▸ Problem statement
Repeat everything in the listing exactly, except for the images.

▸ Entries shown
*****
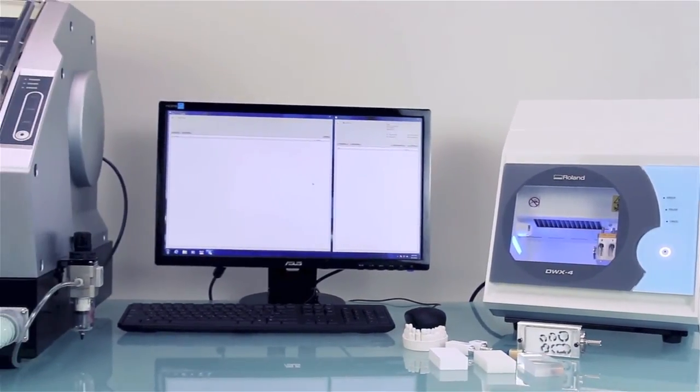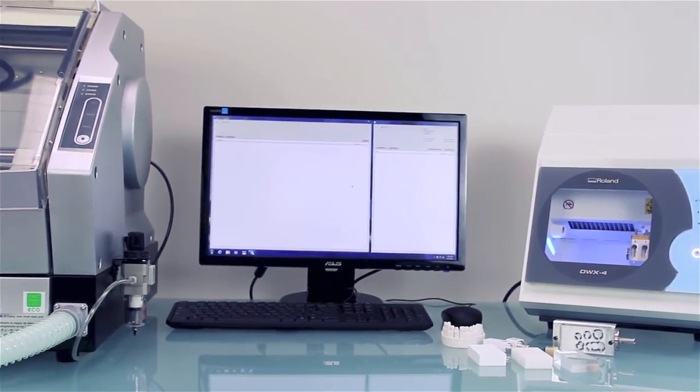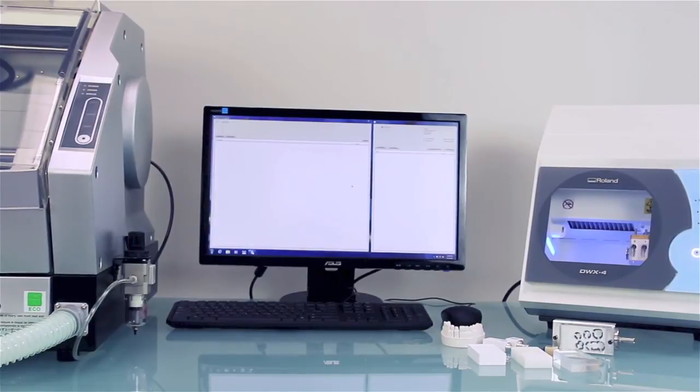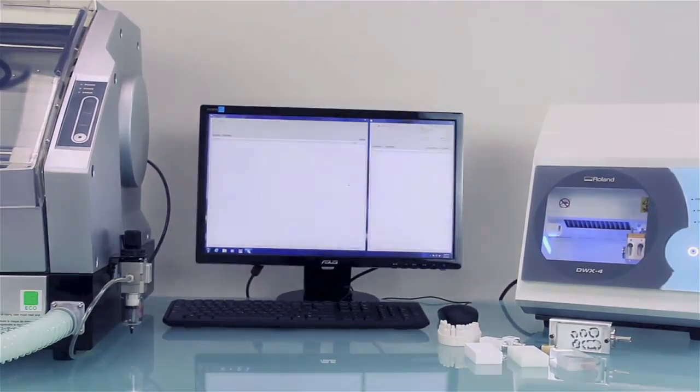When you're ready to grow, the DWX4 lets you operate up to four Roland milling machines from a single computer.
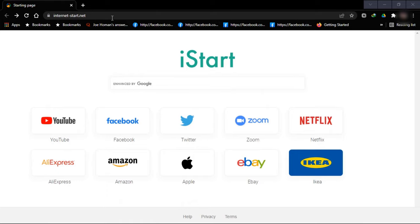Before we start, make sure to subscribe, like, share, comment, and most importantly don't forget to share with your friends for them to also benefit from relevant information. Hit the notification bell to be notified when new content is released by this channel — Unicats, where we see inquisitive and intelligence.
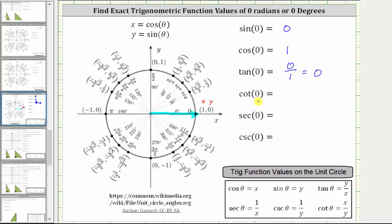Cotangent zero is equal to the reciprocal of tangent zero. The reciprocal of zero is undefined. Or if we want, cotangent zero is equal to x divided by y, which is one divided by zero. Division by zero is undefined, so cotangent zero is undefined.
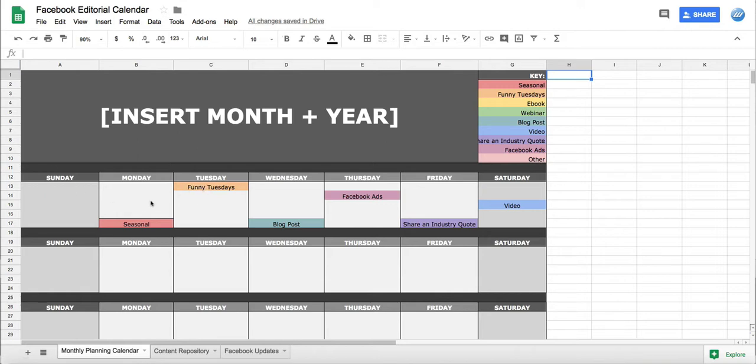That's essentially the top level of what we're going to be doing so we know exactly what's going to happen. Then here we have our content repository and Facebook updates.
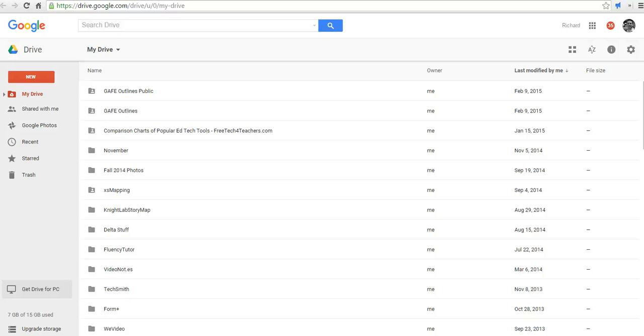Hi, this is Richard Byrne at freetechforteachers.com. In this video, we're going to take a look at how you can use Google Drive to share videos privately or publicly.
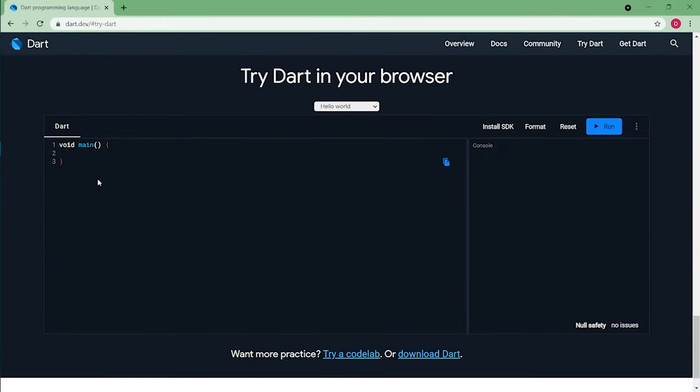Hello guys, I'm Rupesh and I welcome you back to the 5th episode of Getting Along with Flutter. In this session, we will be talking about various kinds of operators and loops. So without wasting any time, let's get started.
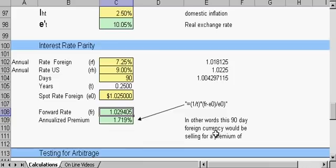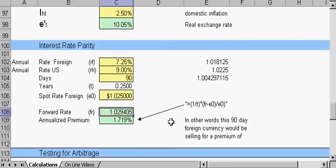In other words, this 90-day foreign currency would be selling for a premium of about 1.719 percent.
*****
▸ Final answer
When you're ready to grow, the DWX4 lets you operate up to four Roland milling machines from a single computer.
Before we start, make sure to subscribe, like, share, comment, and most importantly don't forget to share with your friends for them to also benefit from relevant information. Hit the notification bell to be notified when new content is released by this channel — Unicats, where we see inquisitive and intelligence.
Cotangent zero is equal to the reciprocal of tangent zero. The reciprocal of zero is undefined. Or if we want, cotangent zero is equal to x divided by y, which is one divided by zero. Division by zero is undefined, so cotangent zero is undefined.
That's essentially the top level of what we're going to be doing so we know exactly what's going to happen. Then here we have our content repository and Facebook updates.
Hi, this is Richard Byrne at freetechforteachers.com. In this video, we're going to take a look at how you can use Google Drive to share videos privately or publicly.
Hello guys, I'm Rupesh and I welcome you back to the 5th episode of Getting Along with Flutter. In this session, we will be talking about various kinds of operators and loops. So without wasting any time, let's get started.
In other words, this 90-day foreign currency would be selling for a premium of about 1.719 percent.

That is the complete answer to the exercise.